Quattro pezzi parlano di ragazze, e sono uno diverso dall'altro. “Sparirò” è un pezzo che parla di una coppia che si lascia, è molto dettagliata, c'è una descrizione molto da vicino. In “Conto i passi” è uno sfogo generale, non è solo d'amore è anche proprio un'analisi di quello che mi circonda. Invece “Carillon” è la storia di io che entro in uno strip club e da ubriaco mi innamoro di questa stripper, poi torno a casa e capisco che non è vero niente. Sono tutte delle mini storie che ho vissuto.
Tu adesso abiti ancora a Toro o a Milano?
Torino.
Milano da più visibilità, gli eventi e gli incontri sono tutti qui, ma Torino è una città che ha sfornato gruppi e festival musicali. Che influenze musicali ti ha regalato la tua città?
Ma guarda, il mio rapporto con Torino è nato male: due o tre anni fa facevo le prime gare di free style e sotto il palco mi guardavano male, stavano zitti, perché il mio modo di vestire e di essere non era compatibile con la loro idea di hip hop puro che andavano a professare in giro. Poi col tempo mi son fatto conoscere e chi era scettico si è ricreduto. Adesso comunque vado d'accordo con tutti. Una grande influenza è stata Ensi, e penso valga per la maggior parte dei free styler della nuova generazione.
Altre influenze non te ne ha date? Ascolti solo rap?
Non solo rap, ascolto un po' di tutto, però quando ho iniziato ascoltavo Marracash, i Club Dogo, ho iniziato a capire che il rap italiano era una roba figa perché parlava di quello che vivevo tutti i giorni. Era un rap incazzato, parlava di amici, di panche, di canne...
Tifi Toro o Juve?
Juve!
Conosci Willie Peyote? il rapper torinese, celebre per il pezzo sul difensore polacco del Torino Glik?
Conosco Willie, ci siamo beccati in giro, e conosco alcuni dei suoi pezzi ma questo no.
Ah peccato, è un pezzo piuttosto hardcore che parla anche della eterna sfida Torino Juventus...
Lo andrò a cercare.
Come sulla cover dell'album, nei testi si trovano due Fred De Palma: da una parte il baller antipatico che insulta i flow altrui, dall'altra un ragazzo che a casa pensa a come indossare la maschera dell'antipatico sul palco.
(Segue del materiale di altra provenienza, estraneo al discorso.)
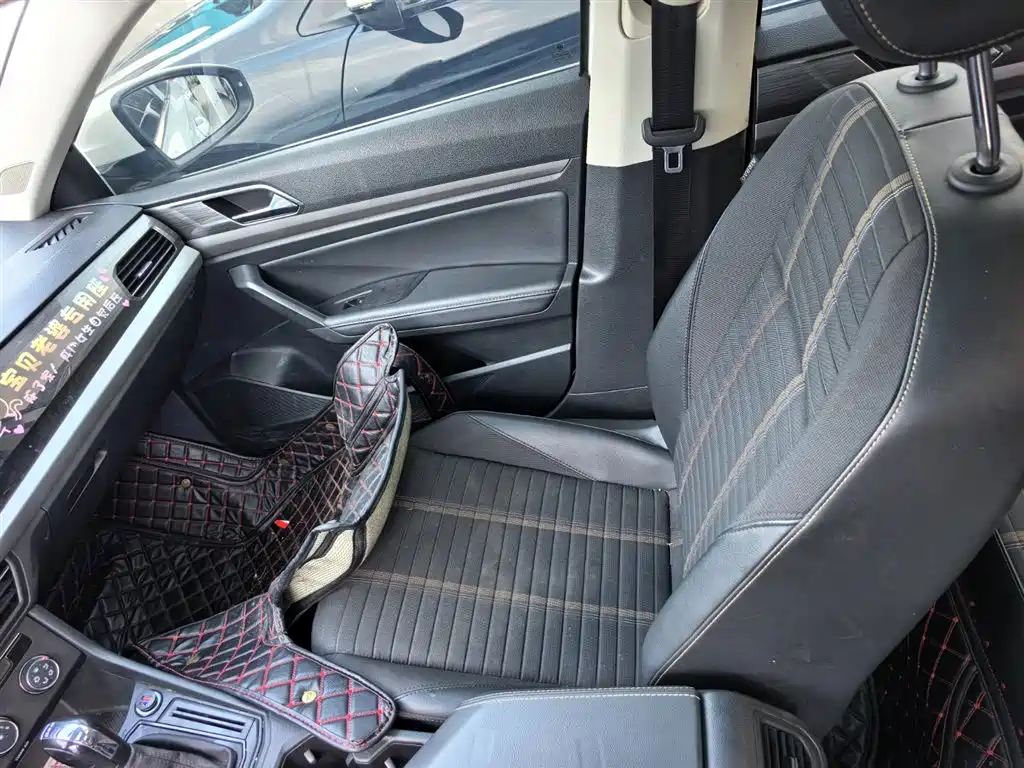 Volkswagen Lavida 2019 280TSI DSG Comfort Edition China VI фото 11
Ci dai una definizione di quello che sei realmente?
In realtà mostro le due facce che esistono, Fred De Palma e Federico, due persone che condividono lo stesso corpo e la stessa testa. E' normale che i pezzi più aggressivi siano quelli da Fred De Palma, mentre quelli più introspettivi sono più da Federico, parlano di me, di quello che vivo ogni giorno da quando mi sveglio a quando vado a dormire. Ovviamente il segreto è non far prendere il sopravvento a nessuna delle due parti per mantenere un equilibrio.
Roccia Music è famosa per saper captare bene le tendenze di un sound decisamente molto americano: baracconi quando serve, pop o più picchiati e lo fate bene. Ecco, come sound "Lettera al successo" mi riporta alla mente ovviamente tutti cattivi ragazzi: Rick Ross, Lil Wayne, French Montana e nelle velature più morbide anche Chris Brown. Ci ho azzeccato?
Guarda, io sono fan di Drake, Tiga, Juicy J, 2Chainz, ma sono megafan anche di Kanye, però mi piacciono di più gli “ignoranti” nel senso buono del termine. Anche negli ascolti ho una parte più riflessiva e una più ignorante, infatti scrivo proprio entrambe le cose: dal pezzo più ignorante della storia al pezzo più conscious.
In "Notte da cafoni" e "Fino alle sei" mostri quanto sei spaccone e duro, ma non vi siete un po' stancati di questa storia che il rapper deve fare brutto?
No ma io non voglio fare il rapper duro, o pericoloso, assolutamente anche perché non sono così. Quelli sono pezzi da festa, parlo di sfottere gli altri per autocelebrarmi... Sono pezzi fine a se stessi, però mi piace un botto farli quindi li faccio.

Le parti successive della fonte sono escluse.